Dann haben Sie uns noch vorgeworfen, dass wir hier keine Antwort hätten, was die Finanzierung des Erneuerbaren-Ausbaus betrifft. Zunächst einmal haben wir heute - darauf komme ich gleich auch noch zu sprechen - eine Verabschiedung von Leitungsausbauvorhaben im Bundesbedarfsplan, die wir vorziehen wollen. Sehen Sie es mir daher nach, wenn wir heute hier nicht einen Haushaltsentwurf debattieren. Aber wenn Sie unterstellen, dass die Finanzierung des Erneuerbaren-Ausbaus nicht geregelt sei, ist das erneut eine Falschbehauptung. Wir haben ein Energiefinanzierungsgesetz, in dem klipp und klar geregelt steht, dass die vormals über die EEG-Umlage finanzierten Kosten für den Ausbau erneuerbarer Energien jetzt eben nicht mehr über diese Umlage eingezogen werden - also von den Verbraucherinnen und Verbrauchern zu zahlen sind -, sondern dass sie haushalterisch erbracht werden. 

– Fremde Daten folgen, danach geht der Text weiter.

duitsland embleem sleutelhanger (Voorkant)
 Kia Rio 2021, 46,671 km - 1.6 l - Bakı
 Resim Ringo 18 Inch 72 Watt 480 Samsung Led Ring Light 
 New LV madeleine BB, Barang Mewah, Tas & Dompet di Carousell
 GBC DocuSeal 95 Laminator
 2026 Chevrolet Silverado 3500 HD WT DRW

(Dr. Rainer Kraft (AfD): Diese Kosten explodieren gerade!)

Das ist eine gesetzliche Regelung: Wenn eine solche Verpflichtung des Staates besteht, diese Differenzzahlungen zu leisten, dann sind diese auch zu zahlen. Insofern haben wir sehr wohl eine Regelung. Sie sollten der Bevölkerung nicht suggerieren, dass wir keine Regelung hätten; die Finanzierung des Erneuerbaren-Ausbaus ist gesichert. 

(Beifall bei der SPD)

Ich kann in den letzten Sekunden, die nun auch schon fast vorbei sind, nur ganz kurz sagen: Wir ziehen diese Vorhaben vor, die zwei HGÜ-Leitungen und sieben Offshoreanbindungsleitungen umfassen, und integrieren sie in die Vorhaben 81 und 82, und zwar in den NordOstLink und den Rhein-Main-Link. Es ist von der Materie her sehr simpel, was wir tun. Es ist aber notwendig, dass wir diese Beschleunigungswirkung hinbekommen, dass wir diese Projekte jetzt vorziehen und auch noch Erleichterungen hineinbringen. Wir übertragen Festlegungen auf die Bundesnetzagentur, damit auch hier eine Beschleunigungswirkung erfolgen kann. Das bringt mehr Beschleunigung in die Energiewende, und das ist auch im Sinne der Klimaschutzzielvorgaben und im Sinne von möglichst schnell zu erreichender günstiger Energie, nämlich durch Erneuerbare. 

Vielen Dank. 

(Beifall bei der SPD und dem BÜNDNIS 90/DIE GRÜNEN sowie bei Abgeordneten der FDP)

Präsidentin Bärbel Bas: 

Der nächste Redner ist für die AfD-Fraktion Dr. Rainer Kraft. 

(Beifall bei der AfD)

Dr. Rainer Kraft (AfD): 

Sehr geehrte Präsidentin! Werte Kollegen! Der vorliegende Gesetzentwurf der Regierung dient dem Ziel, koste es, was es wolle, die planwirtschaftlichen Vorgaben der EU zur erneuerbaren Stromerzeugung zu erreichen. Und diesem Ziel ordnen Sie - wahrscheinlich vom Ökowahn beseelt - alles unter. 

(Zuruf von der SPD: Oah!)

Sie streben nicht weniger als eine umfassende Industrialisierung des deutschen Meeresgebietes an und werfen in Ihrem blinden Wahn alle Befindlichkeiten über Bord. 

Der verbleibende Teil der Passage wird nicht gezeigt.